I am also gloriously spoiled for Buffy having found an egroup which sends spoilers right to my inbox. Hurrah! I know what's coming and I think the end-run of the season could be very, very good. Particularly the wedding ep *g* [/tease]

I was going to comment on the "Farscape" discussion on Sab's LJ, but that thread has gone wild; it's feral like Talyn and I'm askeered of it. Run wild, little thread! Run free!

Nah not really.*g* Can't be arsed to cope with comment word-limit and so shall return to it, books and the unbearable shiteness of being in this journal later. After I've bought a grout pen and after lunch.

mmmmmm. lunch [/Homer Simpson]

Comments

( 4 comments — Leave a comment )
lenadances
Mar. 1st, 2002 07:14 am (UTC)
::hugs::

Yeah, that's the same reaction we all had over here (re: Buffy)-- "How in the HELL did that get on TV?" I had a theory at the time that it was the new fun of not being on the WB anymore, but then they started with the weird verbal banter on Angel (and the Angel-and-Cordelia-are-possessed dialogue in "Waiting in the Wings" is beyond the pale and into fanfic) and so, no, for some reason things are just getting lax. Bless them all.

Oh, and Darla definitely wins for most annoying vampire ever. I've liked her occasionally, but for the most part...

::hugs:: again re: your dad. Bravo for your mom; it sounds like she's getting the hang of this. Bravo for you; you're a good daughter.

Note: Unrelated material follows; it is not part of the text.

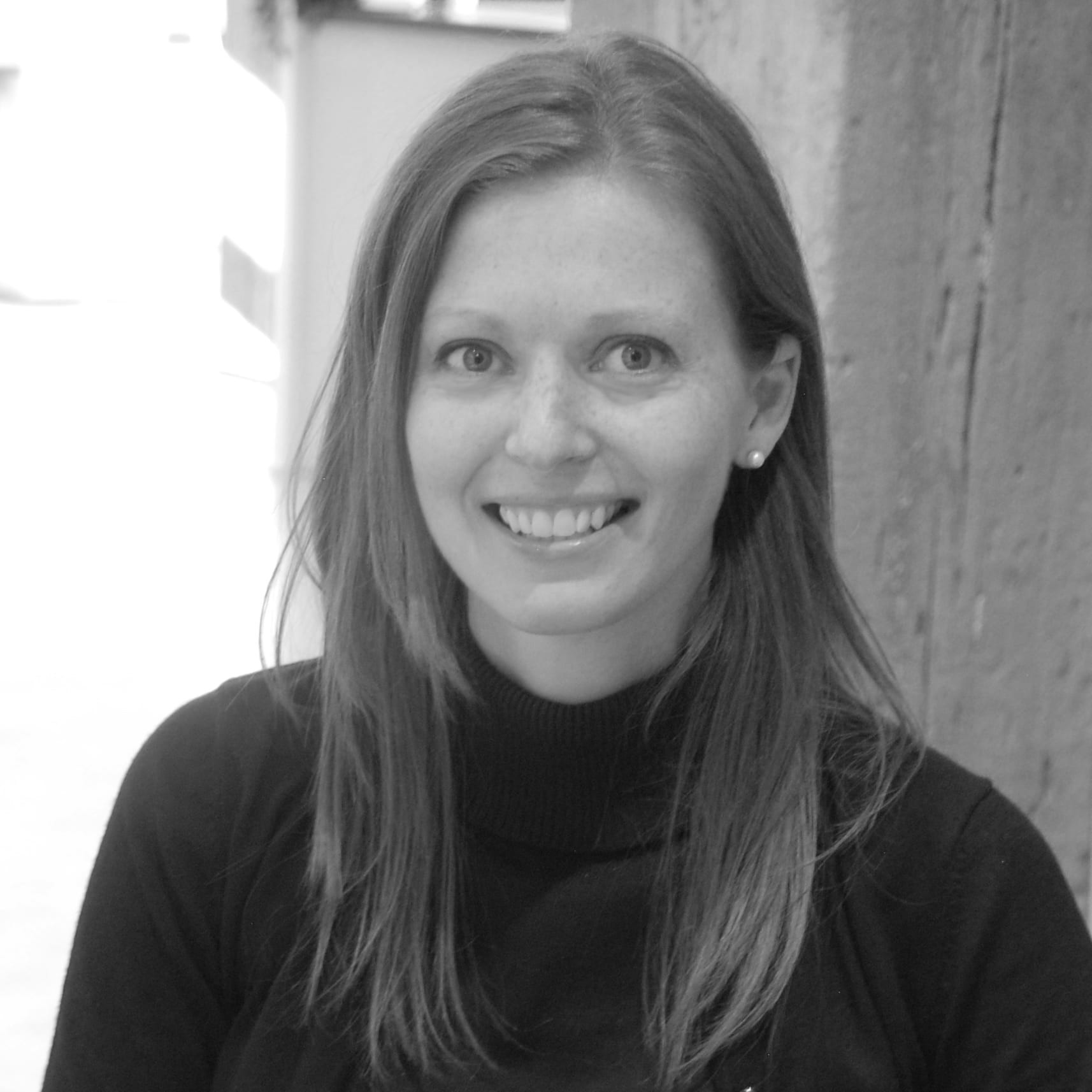 Julia-Leahy Headshot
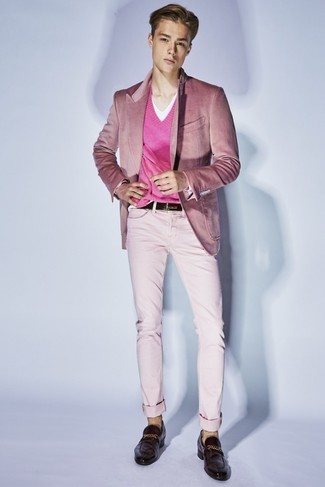 Quale mocassini eleganti indossare con chino rosa per un uomo di 20 anni: Opta per un blazer di velluto rosa e chino rosa, perfetto per il lavoro. Scegli uno stile classico per le calzature e mettiti un paio di mocassini eleganti.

And I meant to mention that-- I think it was earlier this week-- I had turned my computer on to check an address before work, then hit the shower, and didn't even know that AIM had turned itself on until I got back and found your message. Sorry to be missing! I've been quiet lately, too; a lot of the time I just want to hide at home and get my updates re: LJ.
cofax7
Mar. 1st, 2002 08:52 am (UTC)
Well, shit, you didn't say anything about your dad and a relapse. I'm glad your mom is taking control and that it sounds like he's doing better. And go you! on being recognized as actually competent, even if you're leaving anyway.

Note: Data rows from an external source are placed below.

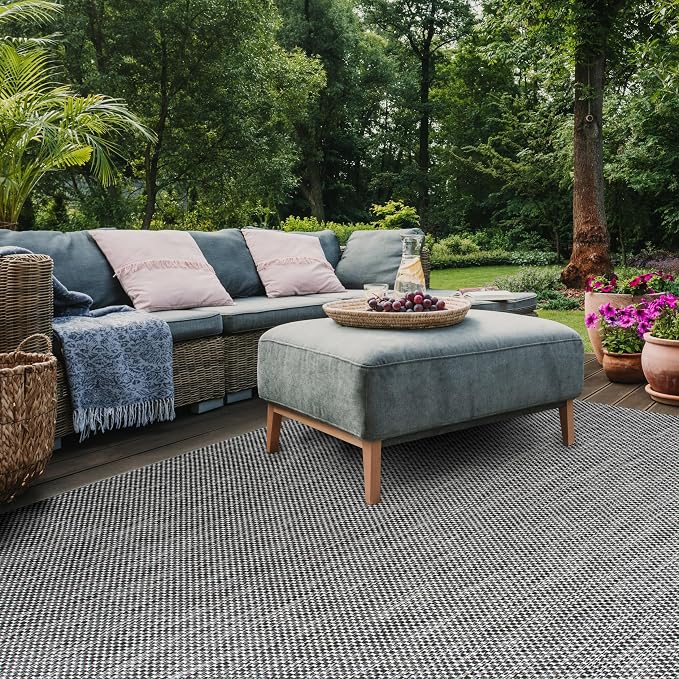 SAFAVIEH Courtyard Collection Area Rug - Image 8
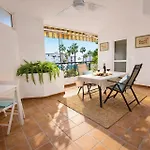 Mi Capricho Seafront شقة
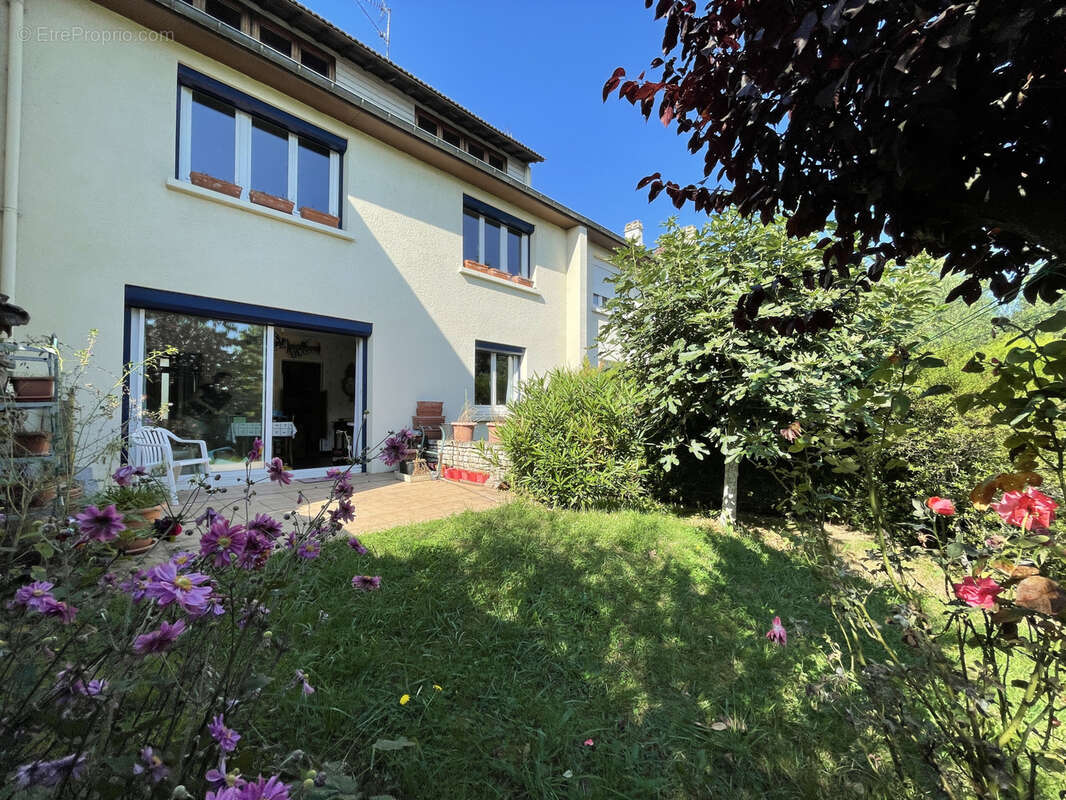 Maison à HEROUVILLE-SAINT-CLAIR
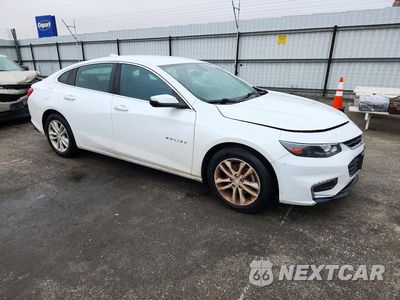 Czwarte zdjęcie samochodu z boku: 2017 CHEVROLET MALIBU LT VIN:1G1ZE5ST4HF206288 - miniatura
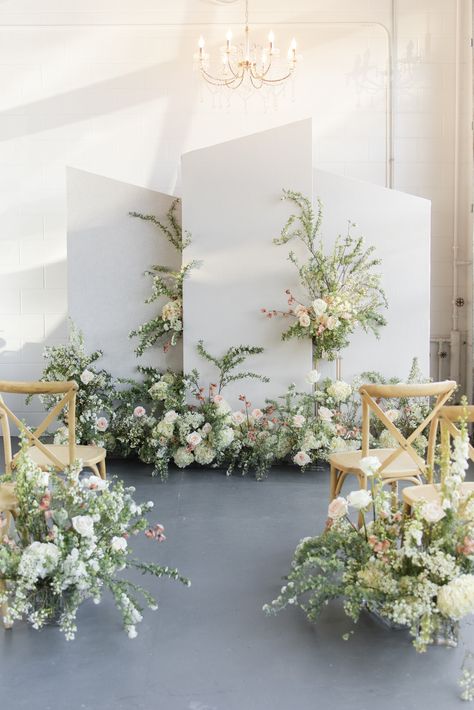 Intimate Wedding Decor Ideas, Wedding Decorations Flowers Backdrops, Cute Wedding Backdrop, Minimalist Backdrop Ideas, White Wall Wedding Backdrop, Wedding Backdrop White Flowers, Wedding Studio Design, Intimate Wedding Backdrop, Wedding Flowers Background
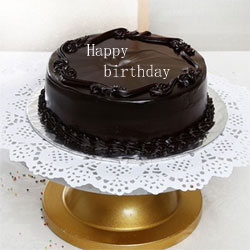 Round chocolate cake  to Rajahmundry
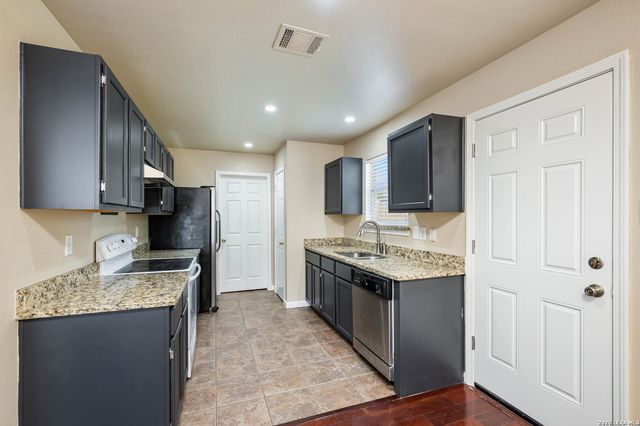 9111 Spiral Woods, Universal City, TX 78148
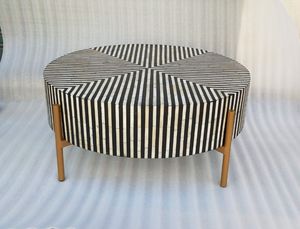 Table basse en os incrusté, faite à la main, mobilier décoratif pour espaces de vie internationaux - Product Image 2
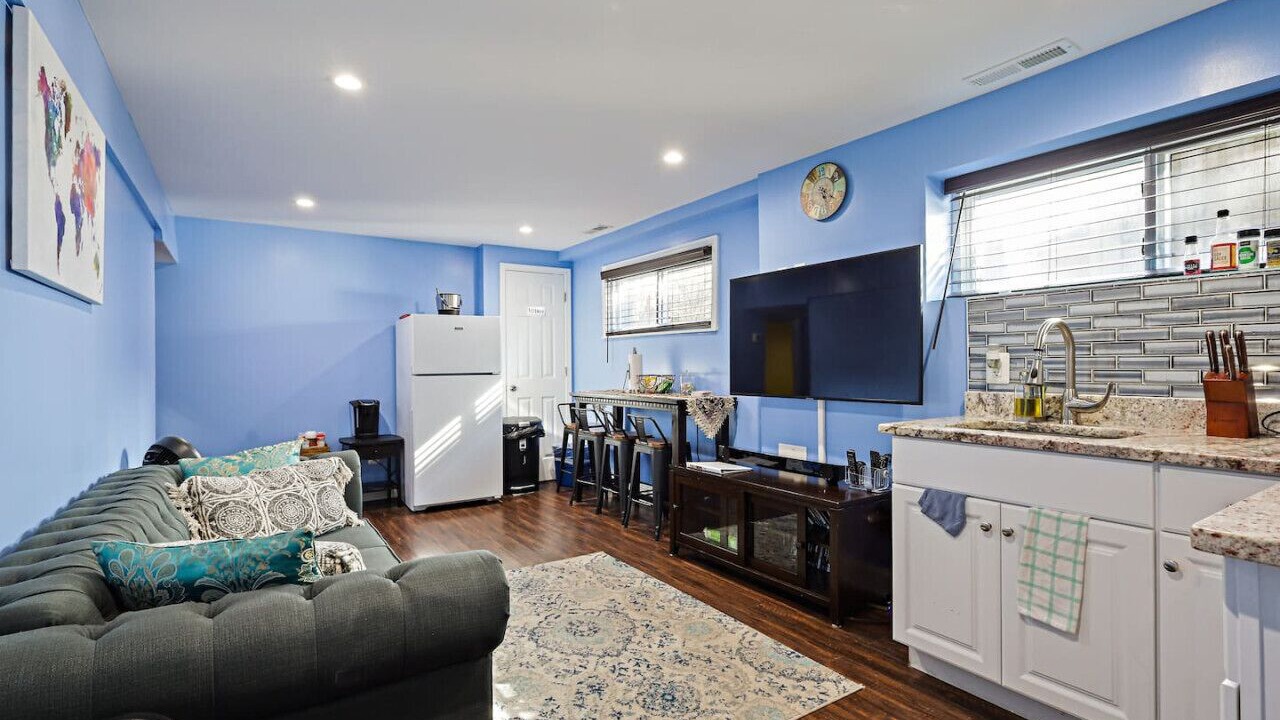 Photo of Livingroom in Alexandria West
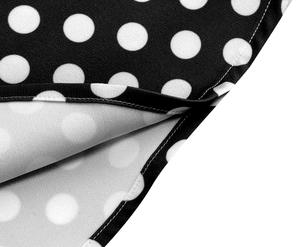 Dettaglio dell'abito vintage a pois con cucitura a doppio ago su tessuto di alta qualità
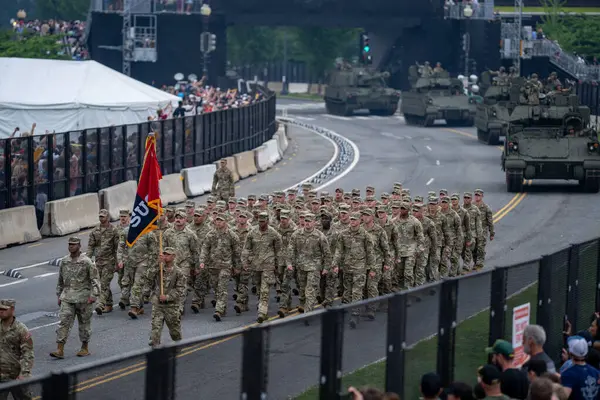 14 Haziran 2025, Washington - ABD Ordusu 250. yıldönümü. Amerikan Ordusu 'nun doğum günü. Ordu yıldönümü. Amerikan Askeri Yürüyüşü. Washington DC Askeri Yürüyüşü. Amerikan Silahlı Kuvvetleri. Ordu Tarihi Kutlaması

I can't thank you enough for the comments in my inbox. They make me squeal with geeky elation. Except for any requests to tighten narrative logic, which make my head hurt. *g*

And now I have to drive to Sacramento. Joy. More later.
infinitemonkeys
Mar. 1st, 2002 09:36 am (UTC)
Well, shit, you didn't say anything about your dad and a relapse.

Because it was too large and scary to talk about and any words I might have lodged somewhere around my elbow and stayed thre.

Also: no desire to bum out innocent bystanders.

Today it seems far enough away to think about it, talk about it.

I can't thank you enough for the comments in my inbox. They make me squeal with geeky elation

A pleasure *g*
cofax7
Mar. 1st, 2002 05:05 pm (UTC)
any words I might have lodged somewhere around my elbow and stayed thre

That I understand; but no worries about the innocent bystanders. OK? Don't cater to my self-absorption (which approaches Olympic levels when I'm in the middle of a story, as you know by now ) by hiding your concerns. You know we're here if you need to vent, right?

So now back to me (because it really is all about me): was there a Part 2? If there is, and it's coming, that's fine. I just haven't seen it yet.

{{hugs}} for you and your family. Me, I'm sunburned and my eyes hurt after 4 hours on the road. Want beer and a nap, but I have to work tomorrow. Joy joy.